Writing High‑Quality JavaScript Functions: Execution Mechanism, Robustness, Functional Programming and Design Patterns

This article introduces a series that explores how to write high‑quality JavaScript functions from multiple angles, including execution mechanism, robustness, functional programming, and design patterns.

Outline of the series

Functions (everything is possible)

Function naming

Function comments

Function complexity

Function robustness (defensive programming)

Function parameters and return values

Using functional programming to enhance functions

Applying design patterns to functions

Writing V8‑friendly functions

Front‑end engineer’s function notes

The first article focuses on the first topic – “Functions (everything is possible)”.

1. Purpose of Functions

Functions are the most important tool for saving space and improving performance. They are the core mechanism for code reuse and modularity.

2. Execution Mechanism of a Function

Understanding how a JavaScript function is executed is essential for writing efficient code. The process can be divided into four steps:

Allocate a new heap memory block.

Store the function body (as a string) in that heap memory.
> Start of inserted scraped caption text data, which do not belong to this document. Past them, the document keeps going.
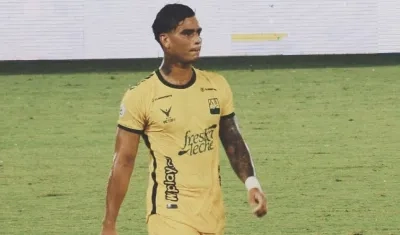 Jefferson Gómez, defensa barranquillero del atlético Bucaramanga. 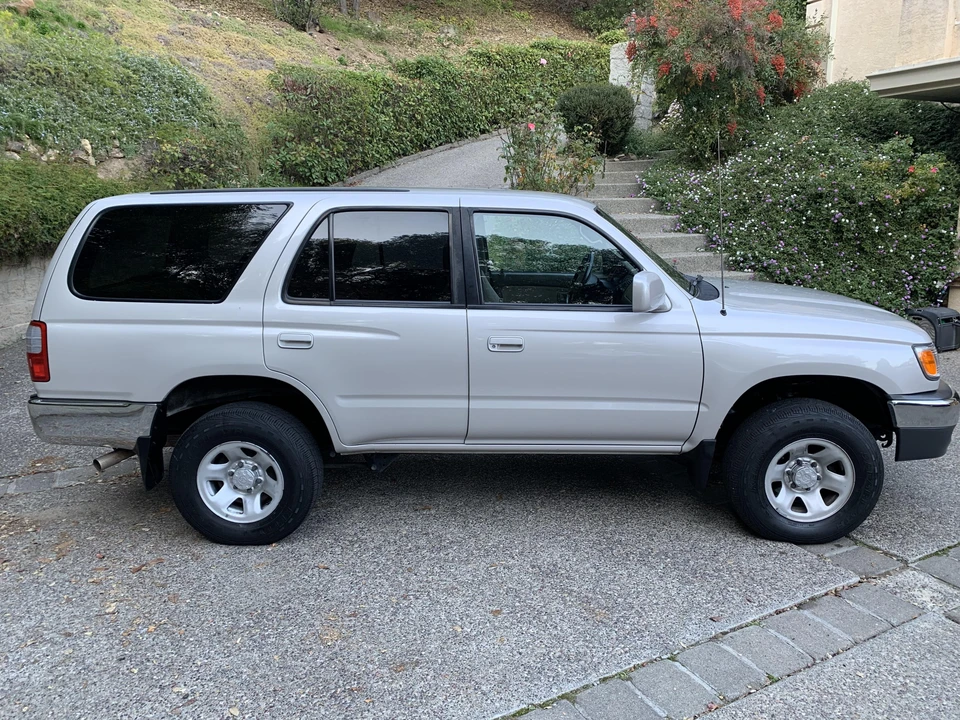 2000 Toyota 4Runner 3rd Gen - Image 11 of 20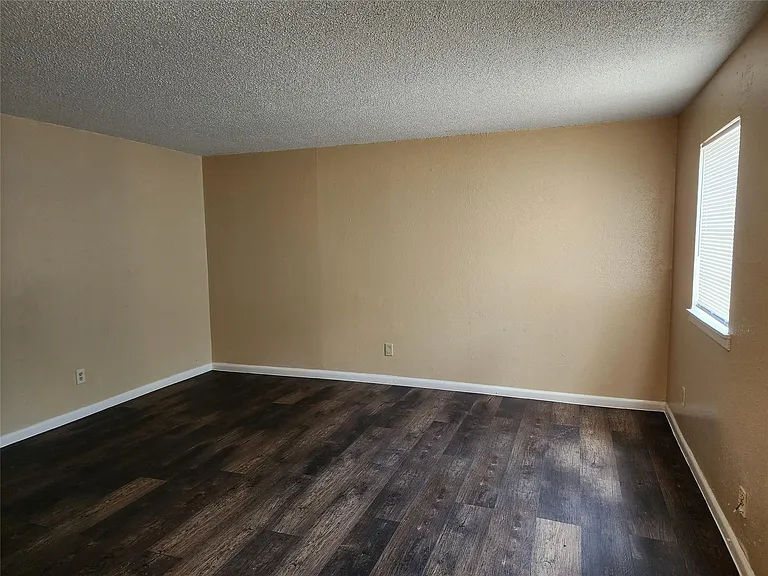4311 Yellowstone Blvd #3 — Photo 11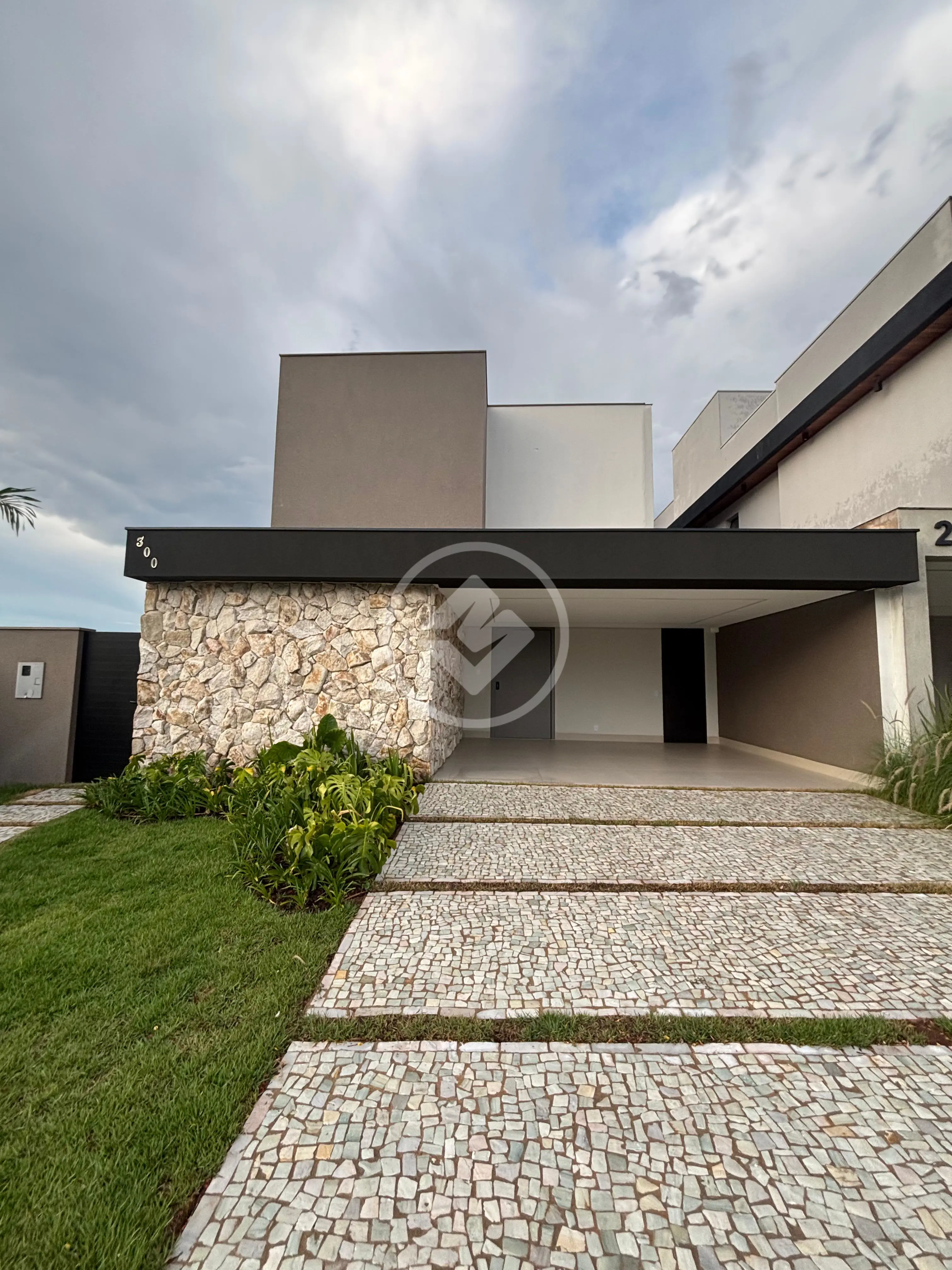 Sobrado Em Condomínio Gávea, Uberlândia - MG — foto 1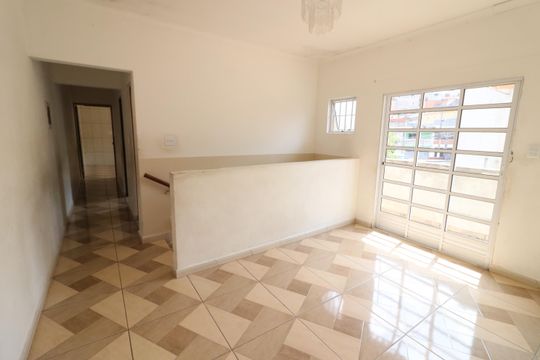 Hall social de casa à venda com 4 quartos, 171m² em Veloso, Osasco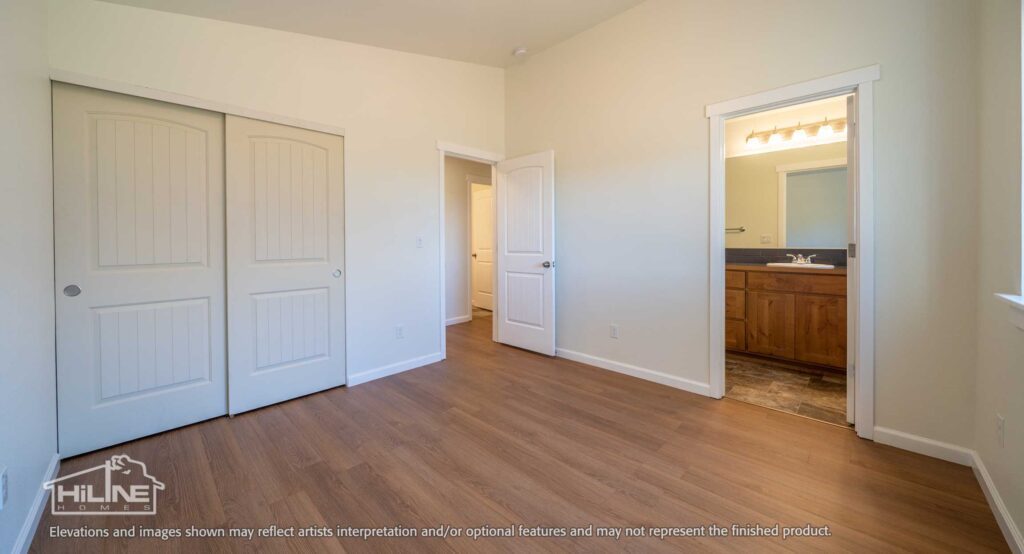 Home Plan 1248 primary suite.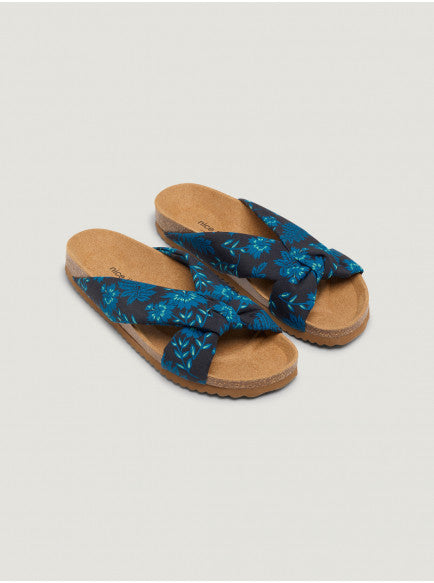 Night flower print sandals with crossed straps in fabric. Black, with soft blue flower and mint details. Made in Spain.  Material: 100% Polyester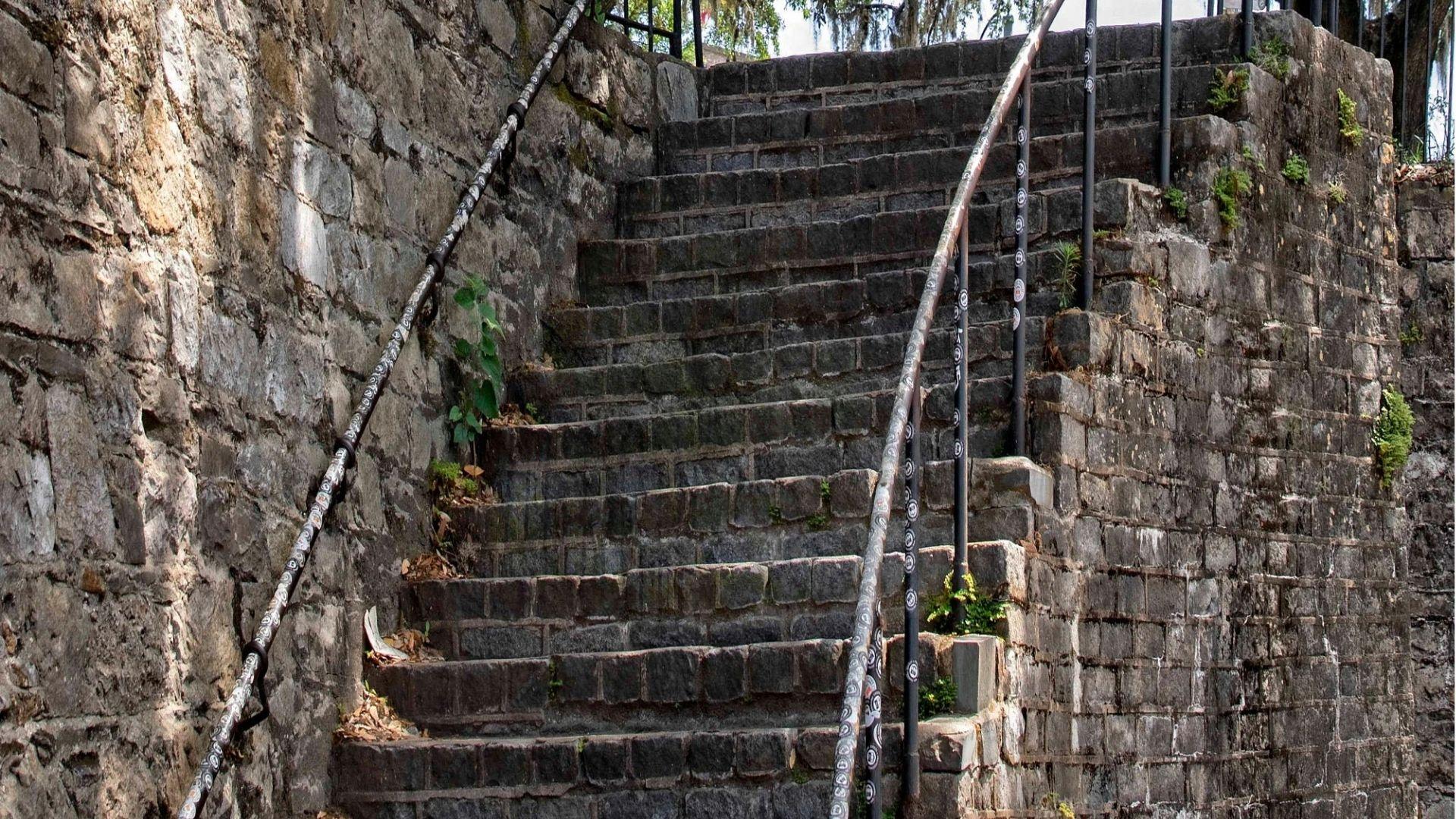 IMAGE OF RIVERFRONT STAIRCASES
Declare the function name in the current execution context (the stack) and hoist the declaration.

Assign the heap address to the function identifier.

Example code used to illustrate the steps:

function say() {
  let str = 'hello world';
  console.log(str);
}

The article visualises the memory layout with an image (function name points to a heap address where the source code string resides).

3. Assignment Operation

Assignment copies a reference from the heap to a stack variable. From a low‑level perspective, the heap, stack, and code segments are distinct memory regions. The assignment operation moves a pointer (handle) from the heap into the stack, which is why JavaScript variables behave like references.

Assembly‑like illustration:

start:
  mov ax, 1
  mov bx, 1
  add ax, bx
end start;

4. Function Execution

When a function is called, a new execution context (stack frame) is created. The function body string is deserialized into executable code, arguments are bound, variable hoisting occurs, and the code runs top‑to‑bottom.

Key steps:

Create a stack environment for the call.

Copy the function body from heap to the new stack frame.

Perform parameter assignment and variable hoisting.

Execute statements sequentially.

5. Scope Chain and Closures

The scope chain is essentially a linked list of activation objects (AO). Each function’s AO points to its outer lexical environment, forming a chain that the engine walks to resolve identifiers.

Illustration of a simple closure:

function kun() {
  var result = [];
  for (var i = 0; i < 10; i++) {
    result[i] = function() { return i; };
  }
  return result;
}
let r = kun();
r.forEach(fn => console.log('fn', fn()));

Because the loop uses var , all inner functions share the same AO where i ends up as 10 , resulting in ten “10” outputs.

Using an IIFE to capture the current value:

function kun() {
  var result = [];
  for (var i = 0; i < 10; i++) {
    result[i] = (function(n) { return function() { return n; } })(i);
  }
  return result;
}
let r = kun();
r.forEach(fn => console.log('fn', fn()));

This creates ten distinct activation objects, each holding a different n , producing outputs 0‑9.

6. Practical Tips

Reduce scope‑chain lookups by passing global objects (e.g., window ) as parameters to IIFEs.

Avoid stack overflow by limiting recursion depth and being aware that each call allocates a new stack frame.

7. References

JS 函数的创建和执行机制

探索JS引擎工作原理

程序内存空间（代码段、数据段、堆栈段）

函数调用–函数栈

堆栈向上增长和向下增长的深入理解

By mastering the low‑level execution details, developers can write clearer, more performant, and more maintainable JavaScript functions.